Bloggers started to get some attention too via the Blog Awards and a good few follow-up articles through the year and one or two radio slots too. Hopefully this encouraged people to strike out and start their own blog or go out and subscribe to blogs for the first time. It may even have encouraged those that blog to blog more and expand their horizons.
Podcasting got some recognition too and it was great to see the Net Visionary Awards giving a nod to bloggers and podcasters. It is good that people are seeing that home-produced content can stand up to the stuff from the big boys and I think the Tuppenceworth paper round project showed that “respected” publications are a tad on the lazy side.
On the whole original content bit, it was nice to see that the press are paying attention to bloggers even if it is just to rip off their content or pictures.
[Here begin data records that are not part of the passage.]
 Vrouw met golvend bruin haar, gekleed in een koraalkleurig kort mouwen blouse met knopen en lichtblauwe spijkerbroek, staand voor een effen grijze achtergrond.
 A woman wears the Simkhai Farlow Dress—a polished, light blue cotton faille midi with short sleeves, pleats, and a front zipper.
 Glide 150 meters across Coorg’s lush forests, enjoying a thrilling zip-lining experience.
We were at least being read in 2006 (and copied and pasted) It’s a start. The story about the PSNI mySpace profile in the Tribune could only have been sourced from my blog. Cheers guys. Eventually they’ll swallow their pride and start crediting bloggers or else licence our content. Wouldn’t it be nice if they said “Hey we just saw your blog post on subject x, would you be interested in rewriting it for print form?”. It could happen…
Politicians too seem to be listening slightly to bloggers. 2006 saw bloggers in the audience in Questions and Answers and then asked back for hob-knobbing in the green room afterwards with the panelists. The nice part was that Q&A would love to see more people who have constructive and intelligent comments and questions and they see bloggers as fitting that bill or so it seems.
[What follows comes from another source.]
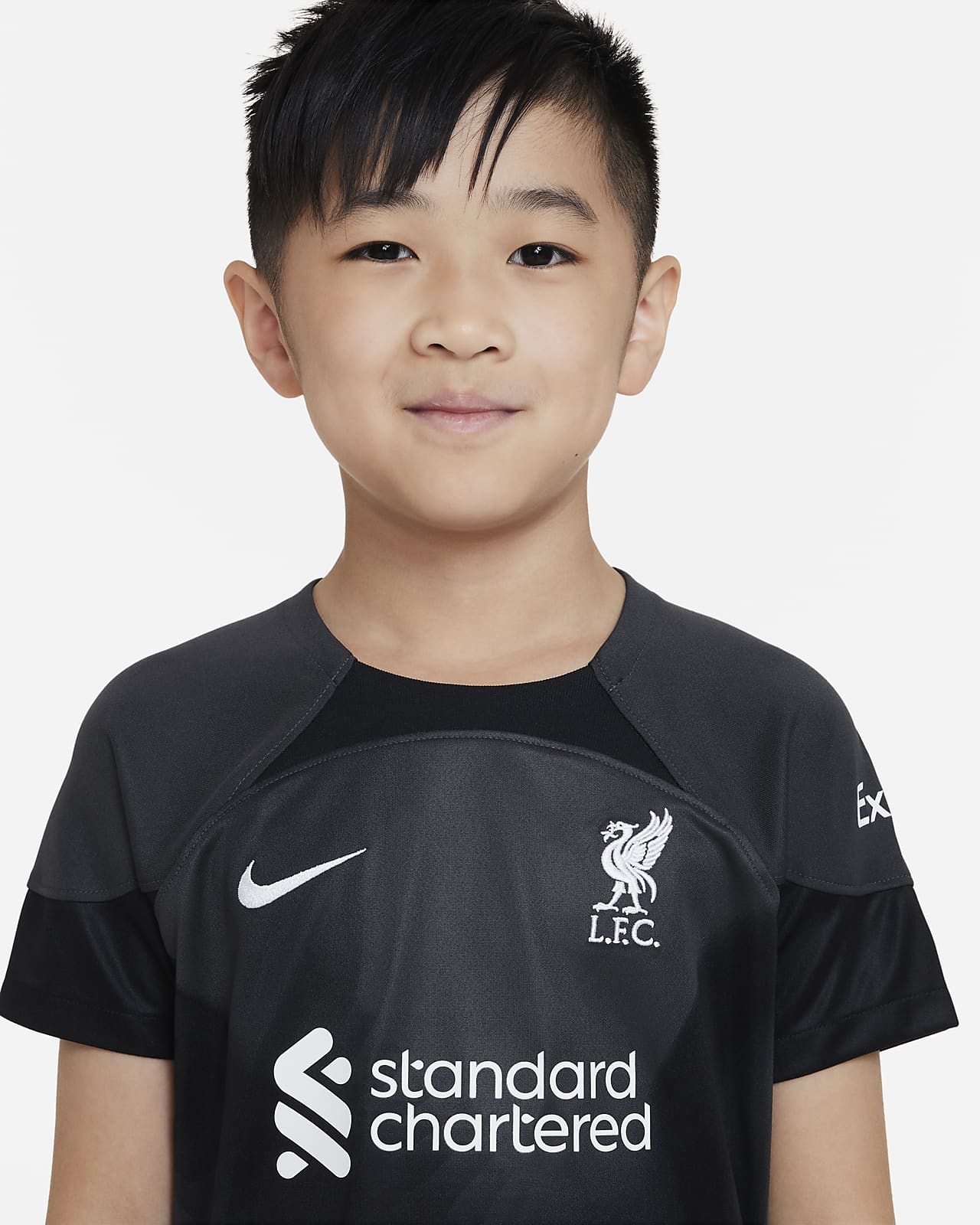 Liverpool F.C. 2022/23 Goalkeeper Younger Kids' Football Kit. Nike AE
The Blogging the Election conference on a cold Saturday during a busy political week saw three politicians come along and give their experiences of blogging, along with other well known and infamous bloggers talking about the influence of blogs and blogging. The feedback seemed to be good, despite a catering fuckup and freezing cold! There have been a good number of politicians since who have started blogs and some are good while others are just press release archives. They’ll learn eventually I hope.
My own personal highlights had to be the Blog Awards in March and thank you to everyone who helped out with them. BarCamp Ireland was also a hoot and the Blogging the Election conference was superb. Hopefully there’ll be another politics and blogging conference in early 2007. Glad I worked with so many talented people during the year at those events.
What to look forward to in 2007.
Again, these are just my guesses and hopes for 2007. So, we as a group were copied and pasted in 2006. We were used as a fact-checking resource but what we found was taken (sometimes without attribution) and reused in more mainstream publications but mostly without our opinions. Hopefully in 2007, our opinions will also be used. We may see a few bloggers being asked to join the fold in newspapers or on radio. Already the Newstalk Saturday evening preview of the Sunday papers has bloggers on the panel.
The 2007 election may or may not be the defining moment of bloggers driving nationwide debate but I do think that there will be more opportunities for bloggers to say something or find something out and introduce a new perspective into political debate.
The rigourous fact-checking(of some) and lack of deadlines for Irish political bloggers could very well mean that a scandal that that may have slyed away from the public might be brought back into the spotlight by a blogger. Pat Leahy said 2006 was the year that the voters kicked back and perhaps 2007 will be the year that blogs help them kick back more. Harry McGee joined the blogging world in 2006 and maybe more will follow or at least more of his peers might start reading blogs. The questions to ask politicians post seemed to get some very good questions to ask and it would be nice if politicians were made to honestly answer questions like that. Maybe they politicians can be filmed when put on the spot.
Which leads me on to the Votetube project which could be the political tool of the common (broadband enabled) man and woman and could be the central store for incendary political content. Content that could piss off someone so much that they call shenanigans or create some kind of fuss or content that makes someone laugh so much at the clotheless emperor that it gets everyone to stop and notice it too.
I hope to see the new websites for the Indo, Business Post and Tribune pay more attention to blogs, rss, podcasts and video. Hopefully they don’t fuck it all up and charge for these new features. Might be nice if the Examiner got a little more interactive as well.
Lastly, 2007 will probably see me step down from IrelandOffline but not before I get some things done that I wanted to do in 2006. Again with an election year it might be good to have one final charge at making the Government and industry do something to bring about broadband for all. It is at least, worth a try.